Longue liane d’1m77 environ, à l’allure charlottegainsbourgienne, habillée d’un noir aussi sombre que ses cheveux couleur corbeau, les lèvres fardées de rouge (le n°500 de Gemey Maybelline teinte Diva Red pour les connaisseuses et les fétichistes), elle prend possession de la scène comme si elle y était née. Elle a de l’énergie, une fougue et une foi qui me rappellent celles d’Anne Roumanoff. Comme Amandine, Anne Roumanoff a eu une vocation très précoce et foulait déjà les planches des cafés-théâtres au même âge. De ces filles qui n’ont peur de rien et y vont sans craindre de dégringoler. Rien de commun cependant entre cette jeune femme venue de Châlon-sur-Saône et la dame en rouge si ce n’est d’avoir eu la prudence de continuer leurs études parallèlement. Sciences-Po pour Roumanoff (alors camarade de classe de Jean-François Copé, Arnaud Montebourg, Frédéric Beigbeder et David Pujadas), études théâtrales à La Sorbonne pour Amandine. Toutes les humoristes que j’ai rencontrées récemment (Vanessa Kayo, Elodie Decker, Léa Lando, Valentine Revel, Elisabeth Buffet…) ont choisi d’abord de faire des études pour se rassurer et calmer leurs parents, puis du théâtre. Elle a décidé de tout vivre en même temps et de mener une double vie: le jour, sur les bancs de la fac, le soir, sur scène.

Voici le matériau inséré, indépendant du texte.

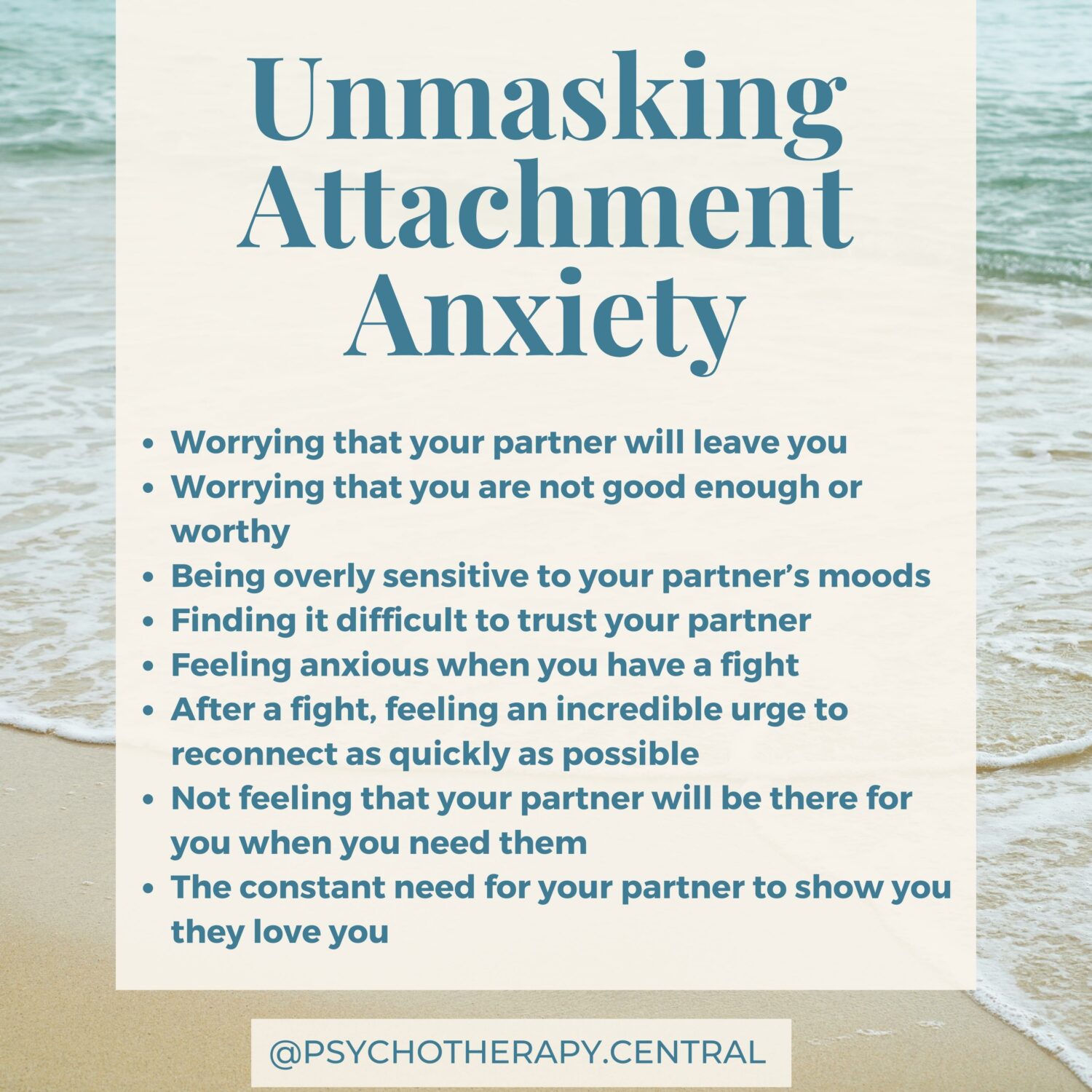 Unmasking Attachment Anxiety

Contrairement à beaucoup d’humoristes de sa génération, Amandine Gay n’a pas inscrit à son répertoire le décodage des relations entre les filles et les garçons, et ne collectionne pas les histoires de fringues ou de nightclubbing. Ouf ! Elle tire le spectateur vers d’autres champs de réflexion.

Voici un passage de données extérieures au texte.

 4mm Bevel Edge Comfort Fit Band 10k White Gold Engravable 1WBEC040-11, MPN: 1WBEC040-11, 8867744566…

Les nouvelles technologies, par exemple. Elle remarque que le portable est «le prolongement de notre main» et que le tactile nous «rend fous au point de nous faire taper sur des choses pas faites pour ça». Amandine utilise de belles images (la photo d’un épi de blé lui évoque « le prélude à l’après-midi d’un Kellog’s») et de jolies expressions («Je fais partie de la confrérie des patronymes à problèmes…la honte est le sponsor de l’adolescence »), s’inquiète de sa génération qui sait télécharger des films pas encore tournés mais désespère d’écrire une lettre, de la glisser dans une enveloppe de la poster et d’attendre qu’elle arrive à destination. Si elle taquine sa génération, Amandine Gay ne zemmourise pas pour autant.(Zemmouriser verbe transitif direct du premier groupe, qui vient de tomber sur mon clavier, signifiant cultiver la nostalgie du c’était mieux avant comme le fait souvent le journaliste Eric Zemmour). Amandine est bien dans son époque et s’en amuse. Alors on la suit avec enthousiasme dans une fête foraine et dans les transports avec sa carte Imagine R. Son sketch sur le Bac, le piratage des sujets, «la chorégraphie de l’enveloppe», le jour de la remise des diplômes… laisse penser qu’elle devait être une élève tellement en avance qu’elle a eu le temps d’observer ses petits camarades et ses profs en vue de les inclure dans un futur spectacle. Les remerciements du jeune bachelier à l’adresse de son Bic, son manuel d’histoire et…Wikipedia sont finement amenés. J’ai adoré le passage sur les élections du chef de classe ou du chef d’Etat et ses gesticulations pour se glisser dans l’isoloir d’un « gymnase qui sent la chaussette » et tient lieu de salle de vote. Décrire son parcours de Chalon à Paris comme celui «du trou du Q du monde au monde des trous du Q !» lui donne même l’occasion de redéfinir l’esprit punk.

Le p’tit bémol après tant d’éloges ? J’ai trouvé qu’Amandine disait plus son texte qu’elle ne le jouait. Elle le dit parfaitement bien au demeurant mais tant d’aisance demande à être davantage inCORPorée, incarnée. Elle est formidable quand elle pénètre dans l’isoloir ! Elle joue vraiment. Elle l’est moins en ouverture des 30 minutes qu’elle a proposées en restant debout face à la scène sans réelle domination de celle-ci. Ce sont des détails vite rectifiables. Et quand on sait qu’Amandine Gay a été détectée par Gérard Sibelle, le truffier qui, quelques années plus tôt, repéra Laurent Gerra, Florence Foresti et Elisabeth Buffet, on n’est pas très inquiet quant à la mise en place de son travail.

Amandine Gay sera au Festival Rire en Seine en avril, tout comme Nadia Roz et Béatrice Facquer; et le 5 juin au Festival Rire avec Elles à Cannes.